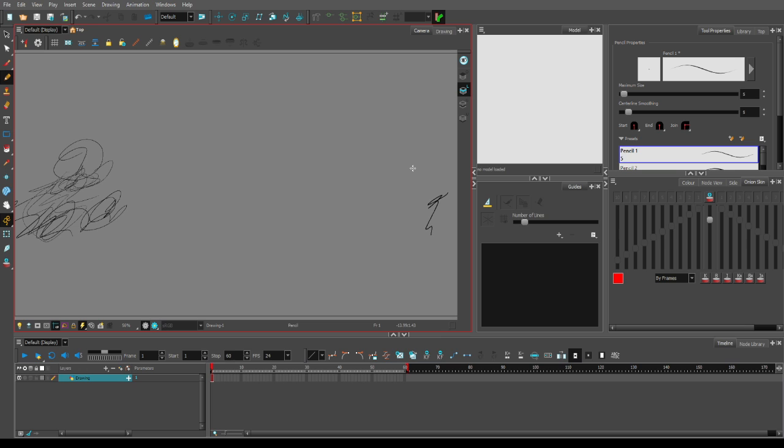But most of the videos are on Clip Studio, which I don't have a problem with, but when it comes to Toon Boom, I ain't finding those videos. Maybe one at the most, when it comes to the cursor offset.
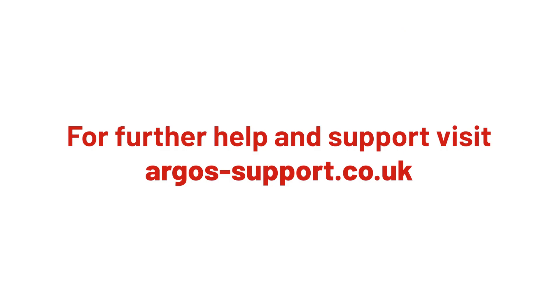For more help and support, visit argos-support.co.uk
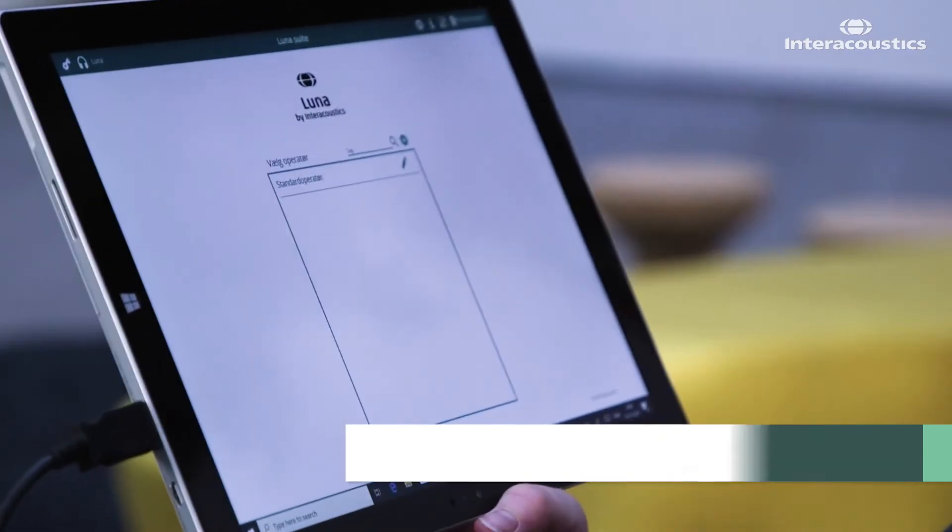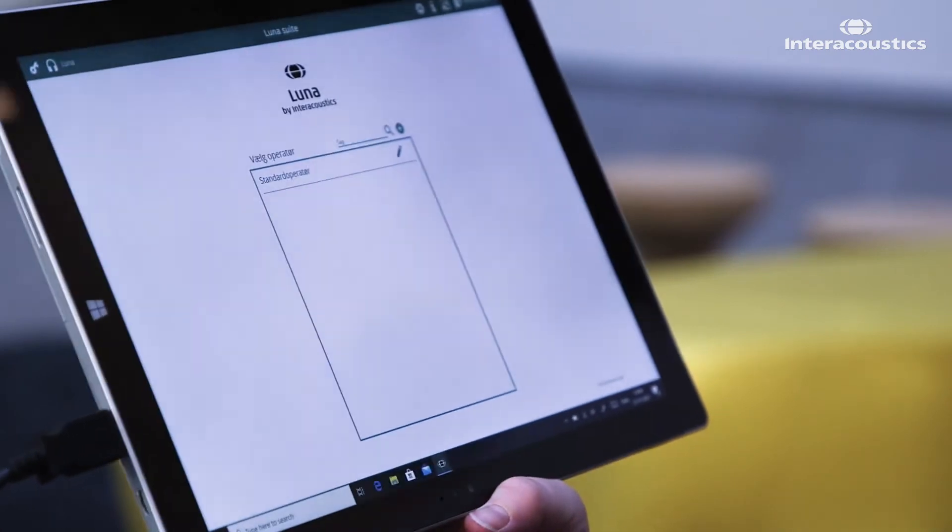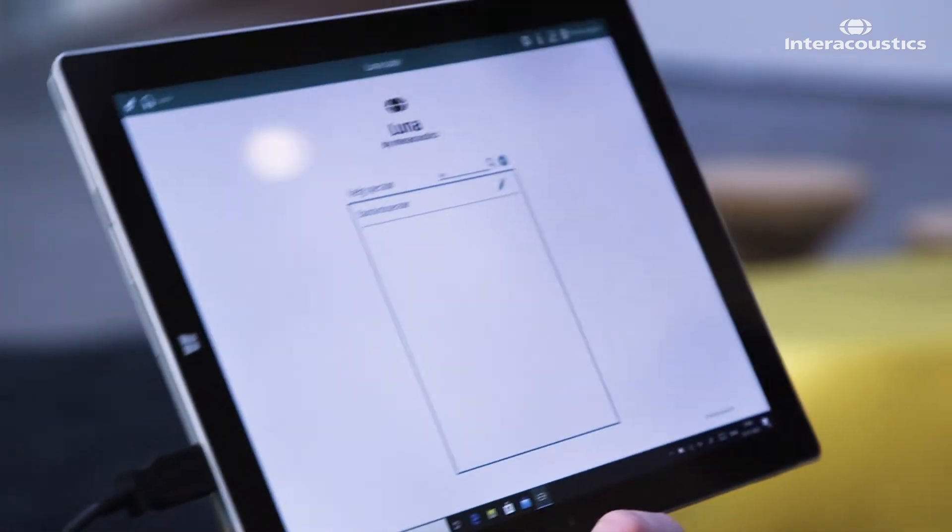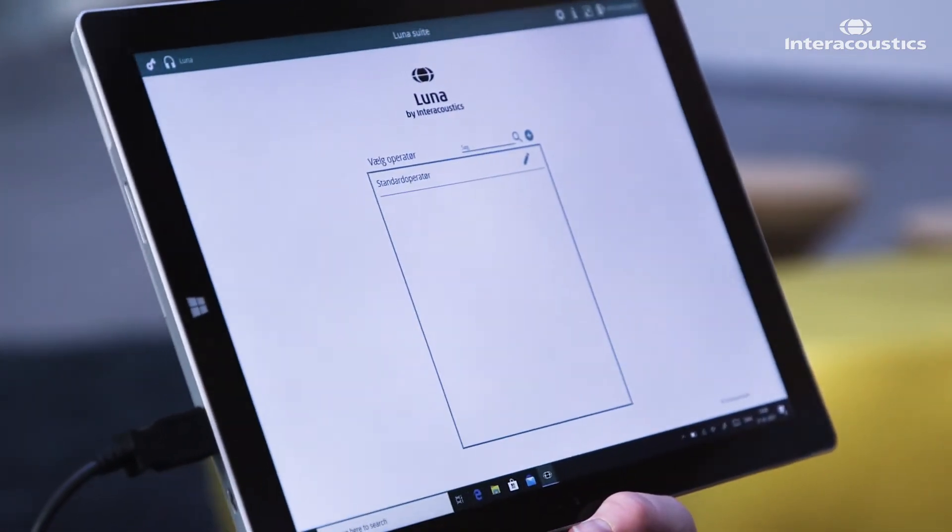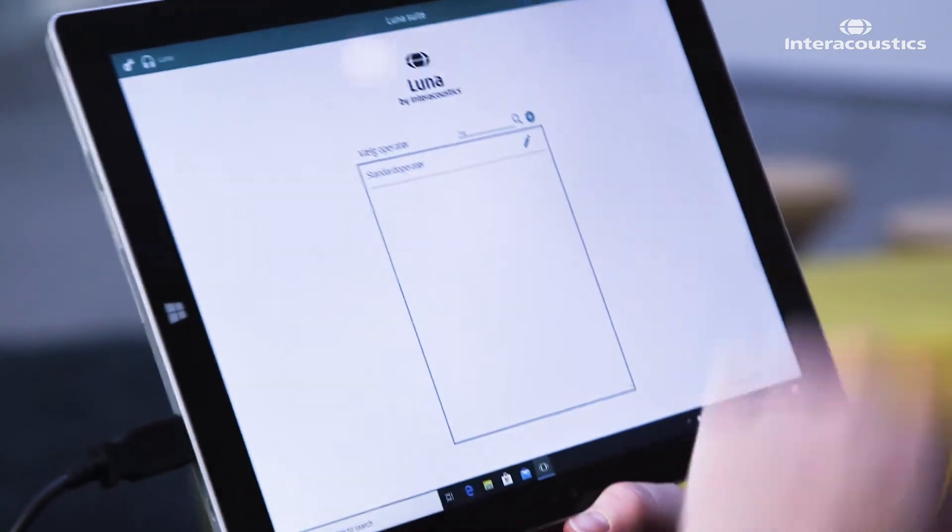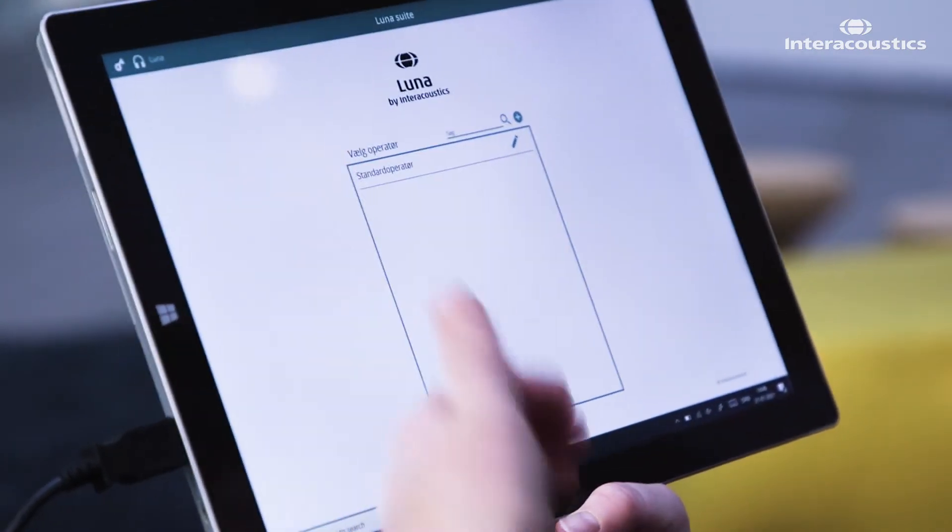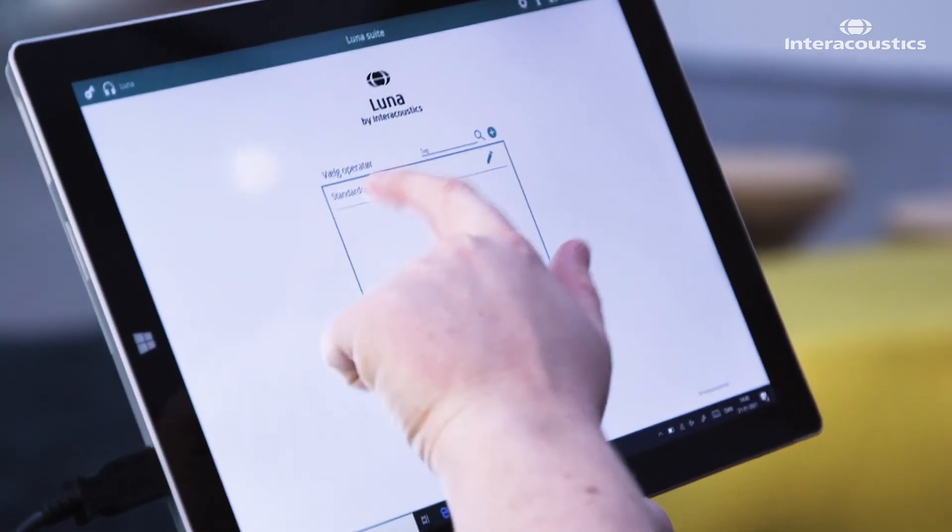The Luna Suite consists of the various options of operators that can run the system. You can add an additional operator to it or you can select one from the list.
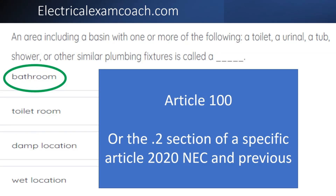If none of those match, you can also head to the .2 section of a specific article. So let's say it was very specific and you knew that it was about pools — you could head to 680.2 and see if the definition is listed there.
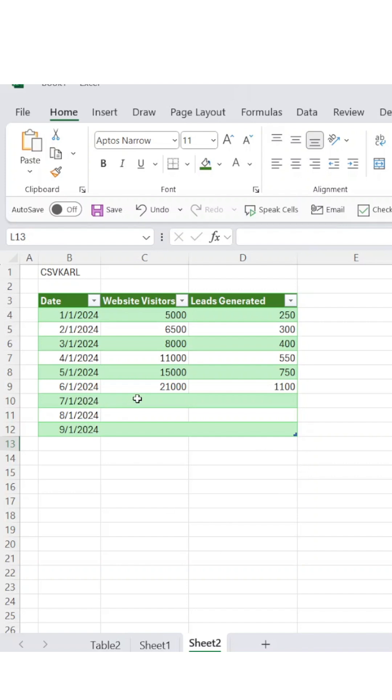Instead of guessing or creating complicated projections, save time with the Excel function growth.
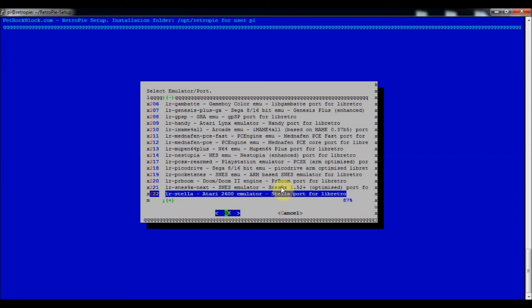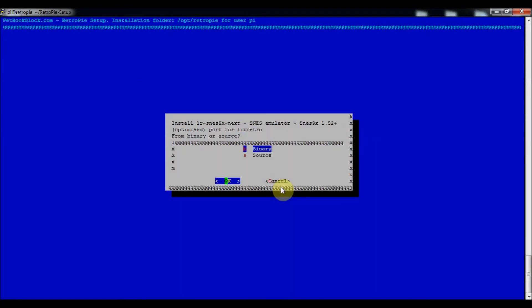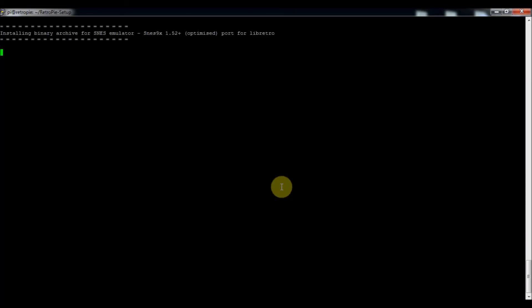So then you just press enter to install and then you can choose binary or source. Binary is a lot quicker, source takes a lot longer, but sources are more updated. I'm just going to do binary just because it's efficient for right now.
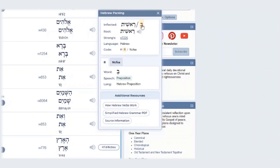So you'll notice R for this word. You'll also notice the R here — the shortcode — and the meaning of that shortcode is preposition.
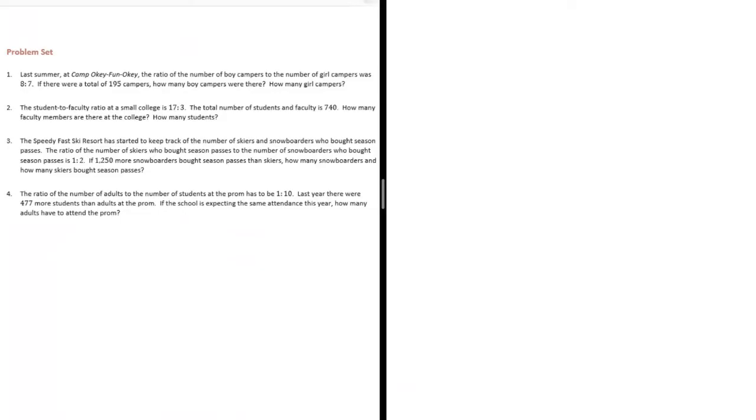Number one, last summer at Camp Oki Fun Oki, the ratio of the number of boy campers to the number of girl campers was eight to seven. If there are a total of 195 campers, how many boy campers were there? How many girl campers were there?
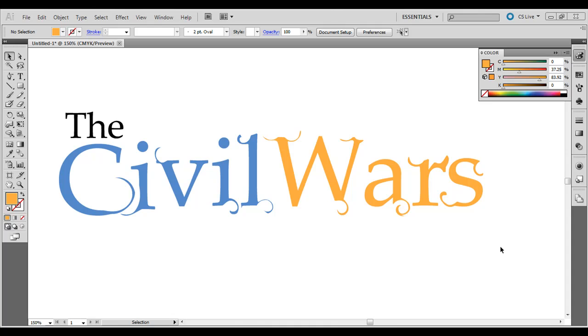Hey, you're watching Good Creative Tutorial. Today I'm going to show you how to use the twirl tool with some outline text to create some unique looks. We'll create something like this right here.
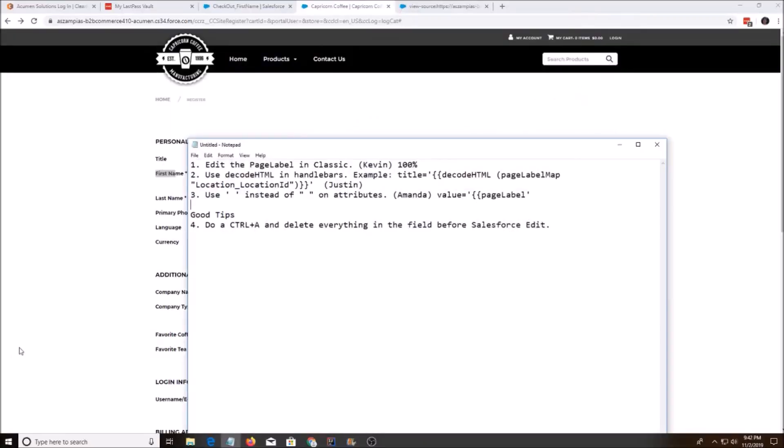Today I'm going to go over CloudCraze page labels. If you're a CloudCraze developer, you have probably run into this issue with once you edit the page label, sometimes these pesky p-tags will appear and then you take 30 minutes to an hour to get rid of them by doing various things that come to mind.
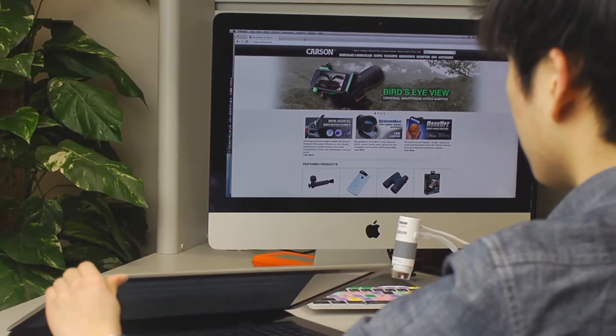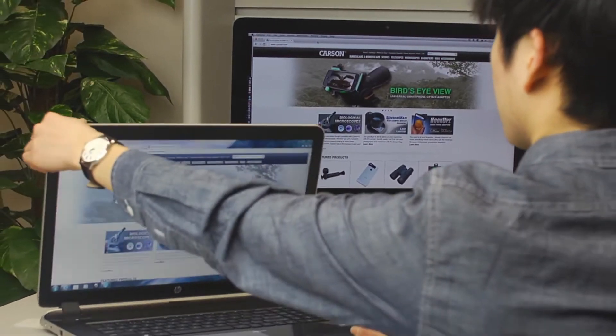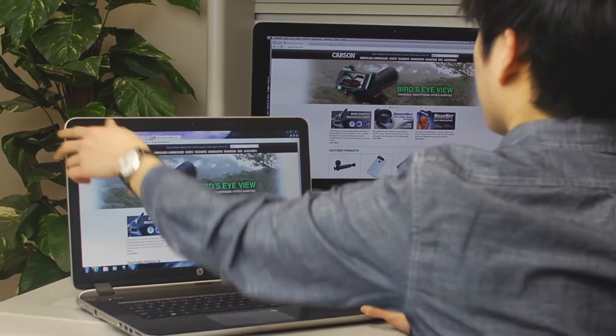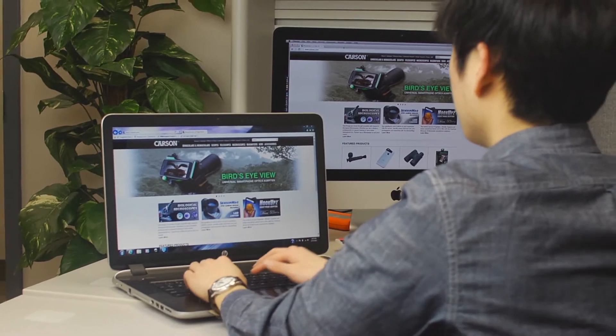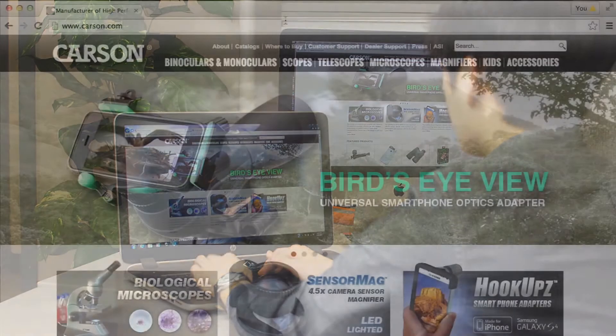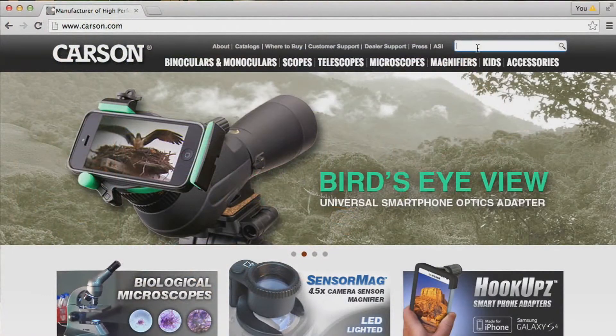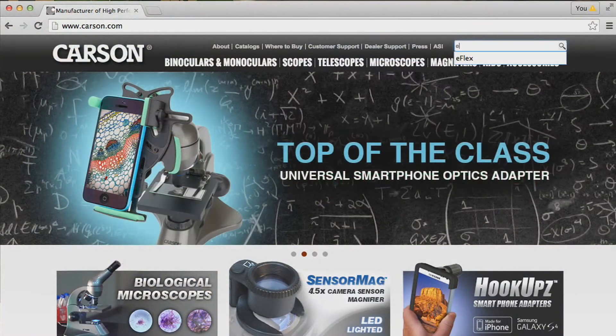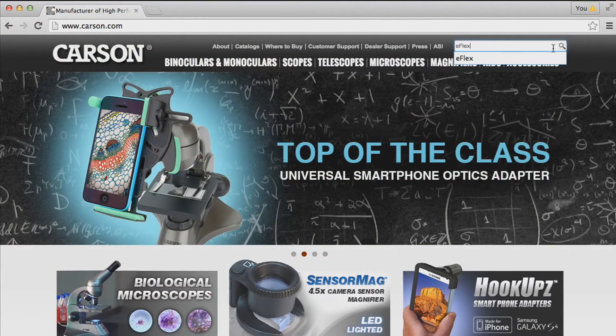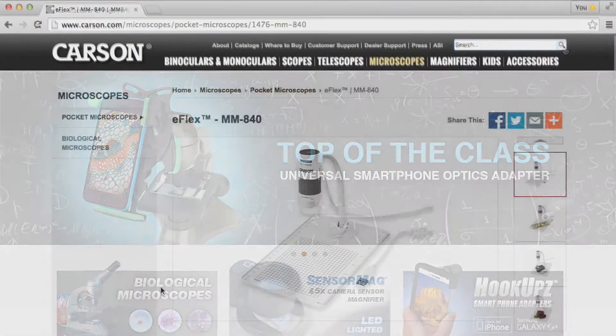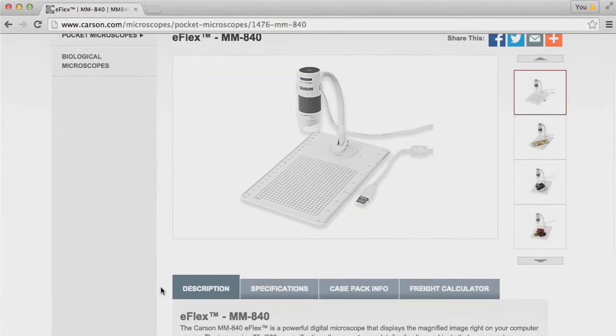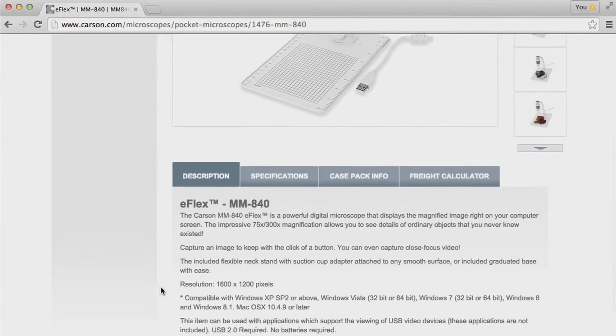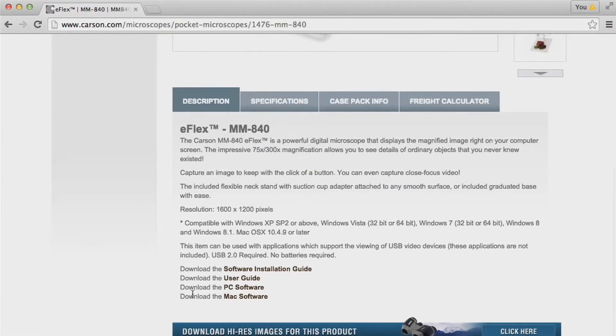The eFlex works on your desktop computer or laptop. The setup is simple and you only have to do it once. Just head to Carson.com, pull up the eFlex page and at the bottom you'll see downloadable software for both Mac and PC operating systems.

= = =

> _Brief_: Within the listing above, the lines starting at the one containing "The Luna Suite" and ending at the one containing "Hey, you're watching" are to be returned exactly. Omit the pictures.

> _Your solution_:
The Luna Suite consists of the various options of operators that can run the system. You can add an additional operator to it or you can select one from the list.
If none of those match, you can also head to the .2 section of a specific article. So let's say it was very specific and you knew that it was about pools — you could head to 680.2 and see if the definition is listed there.
Instead of guessing or creating complicated projections, save time with the Excel function growth.
So then you just press enter to install and then you can choose binary or source. Binary is a lot quicker, source takes a lot longer, but sources are more updated. I'm just going to do binary just because it's efficient for right now.
So you'll notice R for this word. You'll also notice the R here — the shortcode — and the meaning of that shortcode is preposition.
Number one, last summer at Camp Oki Fun Oki, the ratio of the number of boy campers to the number of girl campers was eight to seven. If there are a total of 195 campers, how many boy campers were there? How many girl campers were there?
Hey, you're watching Good Creative Tutorial. Today I'm going to show you how to use the twirl tool with some outline text to create some unique looks. We'll create something like this right here.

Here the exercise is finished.